My new architecture centers around a couple of observations. First, we can observe that the lowest common denominator (so to speak) for structured data in CUDA and C++ is… a struct. Similarly, the easiest way to recycle code between CUDA and C++ is to implement code as inlineable, C style functions that can either be embedded in a CUDA kernel at compile time, or wrapped within a C++ class for use in C++. Therefore, one possible way to unify CPU C++ and GPU CUDA codebases could be to implement core components of the renderer using structs and C-style, inlineable functions, allowing easy integration into CUDA kernels, and then write thin wrapper classes around said structs and functions to allow for nice, object oriented C++ code. This exact system is how I am building Takua Revision 3; the end result should be a unified codebase that can compile to both CPU and GPU versions, and allow for both versions to develop in near lockstep.

Again, I’ll go into a more detailed explanation once this process is complete.

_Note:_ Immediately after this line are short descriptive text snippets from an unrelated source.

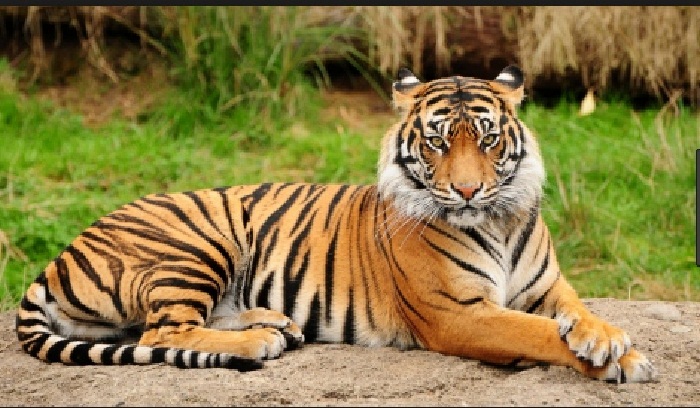 Royal Bengal Tiger.jpg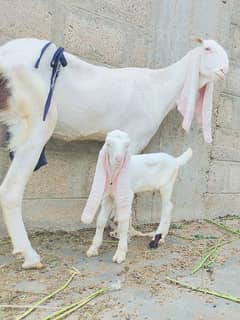 Gulabi Kapli Bakri with 1 Male kid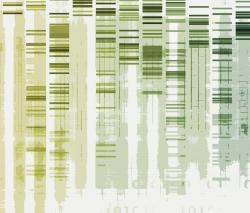 Изображение продукта tela-design Neverending Story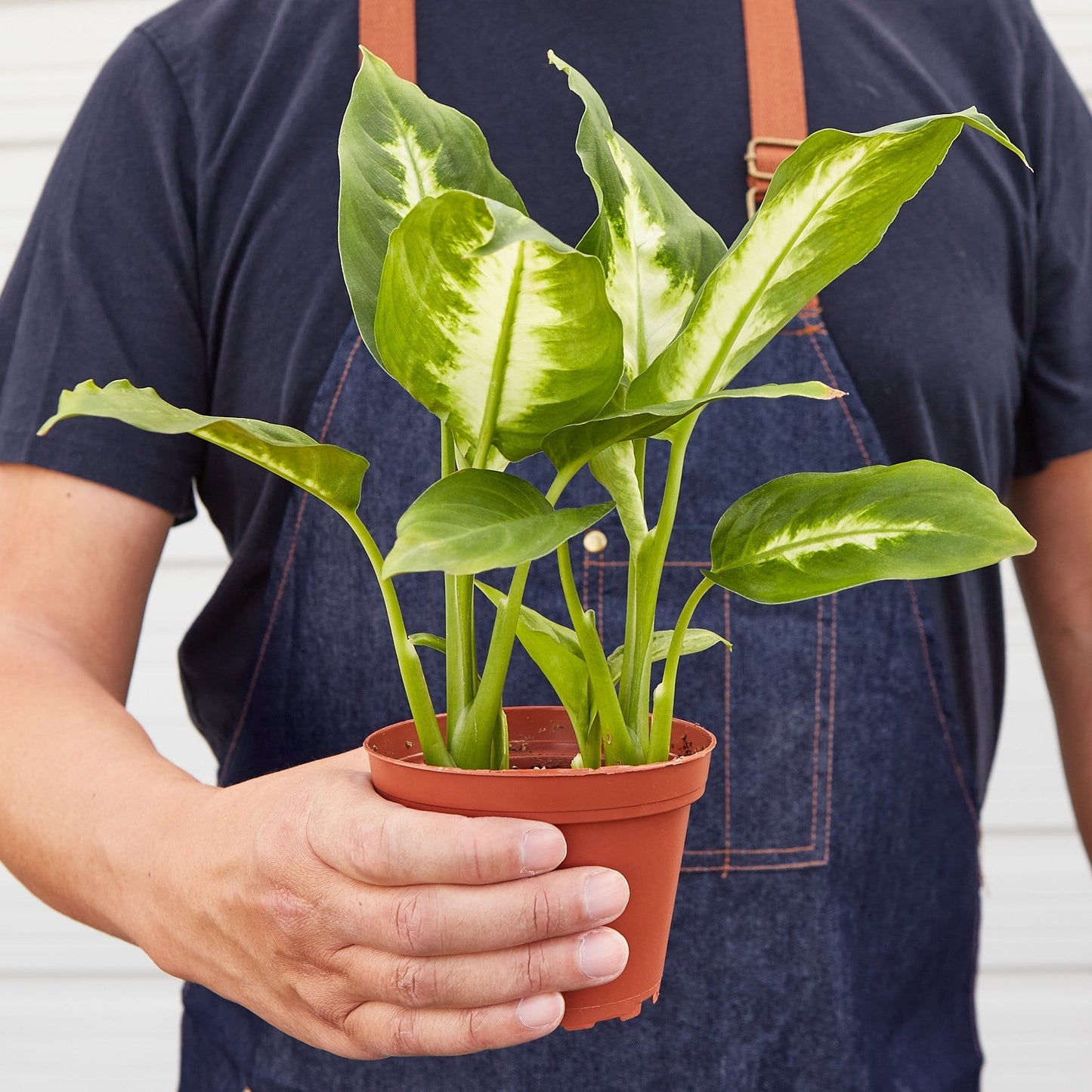 Dieffenbachia Camille indoor plant with variegated green and cream leaves in a pot on Tampa Home & Garden Store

I’ll leave this post with a slightly orthogonal note; whilst in the process of merging code, I found some images from Takua Revision 1 that I never posted for some reason. Here’s a particularly cool pair of images from when I was implementing depth of field. The first image depicts a glass Stanford dragon without any depth of field, and the second image depicts the same exact scene with some crazy shallow aperture (I don’t remember the exact settings). You can tell these are from the days of Takua Revision 1 by the ceiling; I often made the entire ceiling a light source to speed up renders back then, until Revision 2′s huge performance increases rendered cheats like that unnecessary.